Mereka itu orang-orang Rusia yang cinta mati kepada Indonesia. Mereka pernah bersinggungan dengan negeri ini, menyesap aroma dan deru Jakarta, dan kota-kota kecil di Sumatera dan Jawa, pada sebuah masa, sekitar 40 atau 60 tahun yang lalu. Pada waktu itu, Indonesia dan Rusia menjalin hubungan yang erat.
Tapi ada juga mahasiswi Universitas Moskwa yang baru bisa berharap berkunjung ke pesantren-pesantren di Jawa, yang pengetahuannya terhadap tradisi dan kepercayaan Jawa kuno begitu mencengangkan. Ia fasih mengurai filsafat agama di zaman Majapahit yang belum tersentuh pengaruh Hindu atau Budha, bahkan Islam.
Orang-orang ini hadir dan bersaksi tentang Indonesia yang mereka kenal dalam film Gerimis Kenangan dari Sahabat Terlupakan. Mereka bersaksi di depan kamera Seno Joko Suyono, teman sekantor yang dahsyat, tentang kapal-kapal selam yang masuk Indonesia di zaman Trikora. Mereka menceritakan pengalaman menjalin hubungan dengan penulis, pejabat, dan tokoh terkenal Indonesia yang sosoknya bahkan tak diajarkan di sekolah-sekolah.

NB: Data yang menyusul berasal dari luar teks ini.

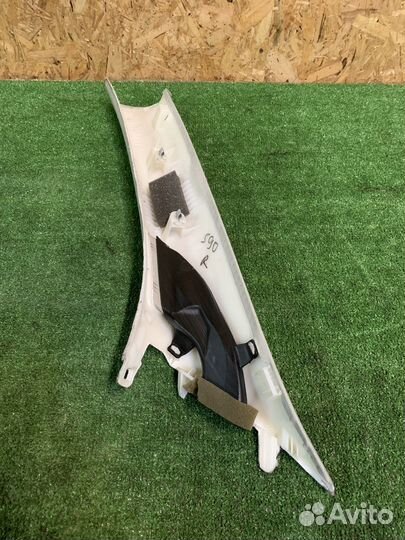 Обшивка стойки лобового стекла Volvo S90 II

Mereka berbicara dalam bahasa Indonesia yang sempurna. Mereka membandingkan Indonesia sekarang dan Rusia zaman kiwari. Seno, yang menguras tabungannya untuk membuat dokumenter ini, merekam denyut Moskow di pagi dan malam hari, ketika toko-toko suvenir mulai buka di samping butik Esprit yang mencorong, di dekat McDonald yang memajang poster Lenin di huruf M-nya. "Indonesia selalu sama dengan Rusia," kata sebuah suara.
Indonesia, kata suara yang lain, dulu dan sekarang berjalan dalam sejarah yang sama. Ketika pengaruh komunis sudah sirna, dan kapitalisme berkibar, dua negara ini punya presiden yang populer dalam pemerintahan yang kurang disukai. Dan Rusia dan Indonesia kini sama-sama menapaki jalan demokrasi yang sulit. "Orang Indonesia dan Rusia sebenarnya tak pernah ikhlas menjalankan kapitalisme."
Kelompok drumband itu baru saja menyelesaikan refrain Indonesia Raya. Kamera bergerak ke arah St. Petersburg yang tertimbun salju. Rusia, sahabat Indonesia yang kini hampir terlupakan itu, mengigil dalam gerimis.